Hidden Figures

Hidden Figures: The American Dream and the Untold Story of the Black Women Mathematicians Who Helped Win the Space Race

By: Margot Lee Shetterly / Narrated By: Robin Miles

Length: 10 hrs and 47 mins

Worth it for the prologue and the epilogue

I guess I really should’ve liked Hidden Figures more than I did; after all, I got it because an audiobook I dearly loved: The Rise of the Rocket Girls, had in its history but a single black woman. Count ‘em! One! So I s’pose I was expecting more about the extra resilience women of color had to have in order to survive, in order to perhaps thrive.

What you actually get is Shetterly’s inexperience as an historian and biographer. The stories lack unity.

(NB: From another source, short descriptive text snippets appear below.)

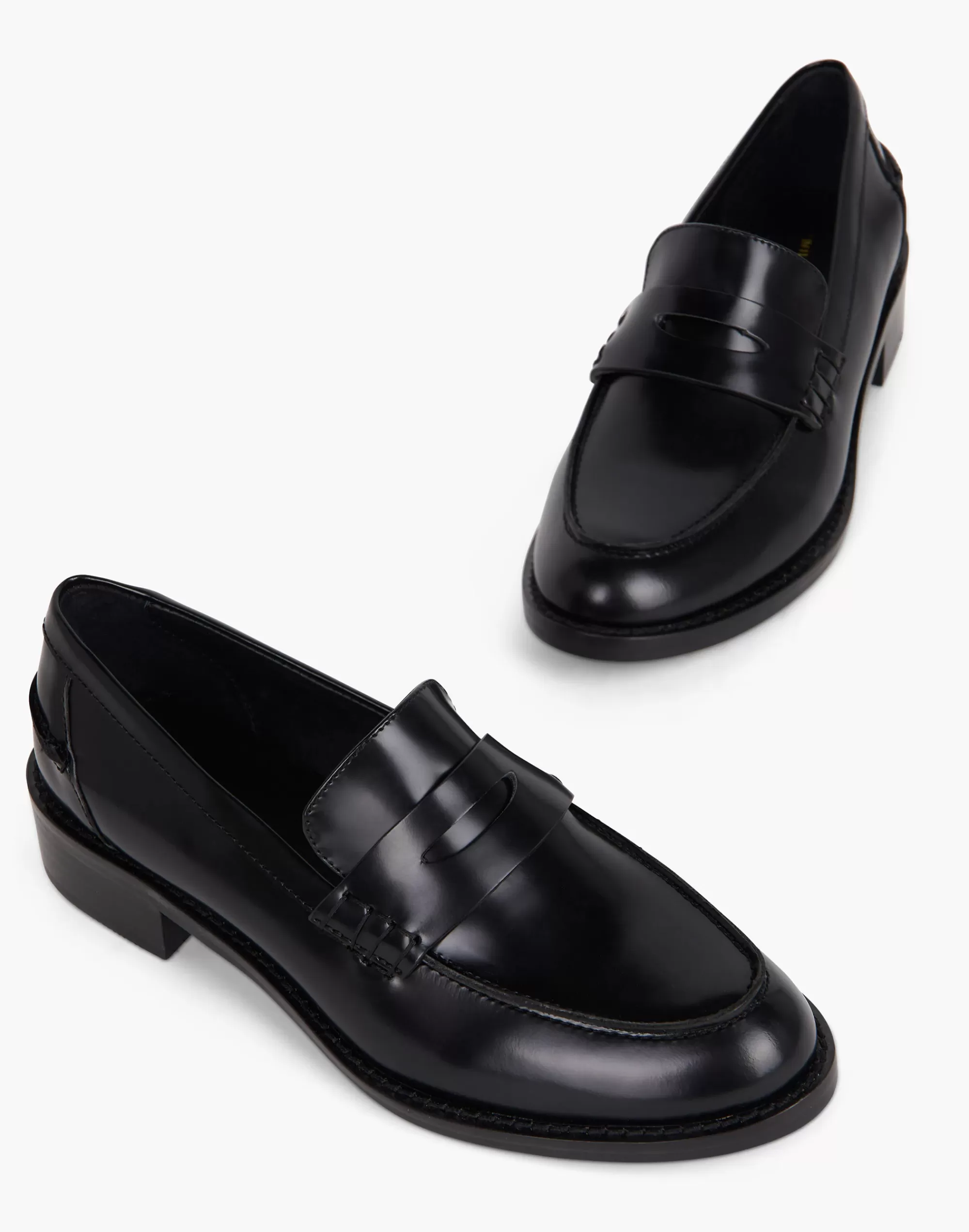 Madewell Flats>Intentionally Blank Neighbor Loafer Black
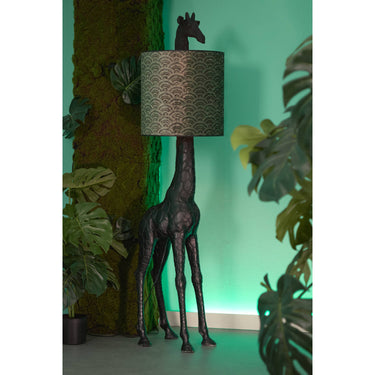 Giraffe Black Floor Lamp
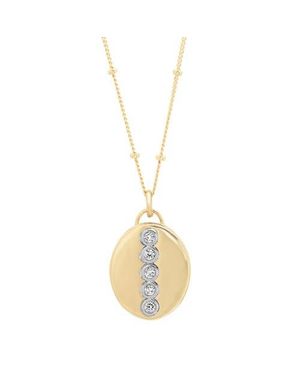 Elliot Young Love Locket Oval Pendant - Metallic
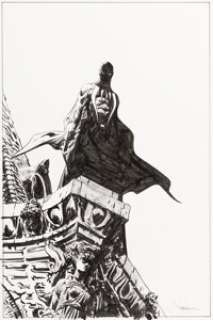 Lee, Jae - Jae Lee Black Bat #12 Cover Original Art (Dynamite, 2014)....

She’ll be writing of racial discrimination the women faced, then she’ll jump to a large chunk on the history of aeronautics, then she’ll jump to a long story about one of the women making a soapbox cart with her son. You kinda have to pop around in your mind just when you’ve gotten settled into one way of thinking. Further, the women didn’t seem to have much to do with each other, as written, so this is not a story of great women friendships either. I never saw the movie, so forgive me if I’m wrong, but the promo pictures for Hidden Figures the movie show three strong women, unified.

Uhm, no? It doesn’t seem to be about that either.

Mostly, it seemed to be about race discrimination in Virginia from the 1940s-to around 1969; it was all rather impersonal.

Don’t get me wrong—when the women were talked of as individuals with incredible minds and a love for science and mathematics, the story really took off. These were some inspiring women. It’s just that most of the story can be summed up by what Dorothy Vaughan intimated: That what she could change, she changed. And what she couldn’t, she endured. There’s a lot throughout the book of women simply enduring the system.

Ahhhhh, but then we get to the dazzling epilogue where Shetterly’s writing is far more immediate, far more intimate. She says she had to cut out a very, very large portion of the book that deals with the women during the post-Golden Age of space. I really liked it because it showed women acting strongly and fiercely; it showed how they stood up for themselves and for each other; it showed how they went out of their way to go out and inspire girls and young women. THAT was riveting, and I did some pretty heavy-duty cheering for some amazing women.

I wish I could say that the narration brought the women to life. Robin Miles is, after all, a seasoned narrator, and she does well with the text. It’s just that for the most part of the book, the writing doesn’t bring the women to life so much as it brings an era of discrimination out. >Heavy Sigh<

Still, like I said, I liked the intro of how Shetterly came to be inspired to write the stories, and I really, really liked the ending. It’s just that perhaps an editor could’ve nudged her to shake up her other writing some. But when all is said and done, this is a story that should be known, and I’m glad I listened to it.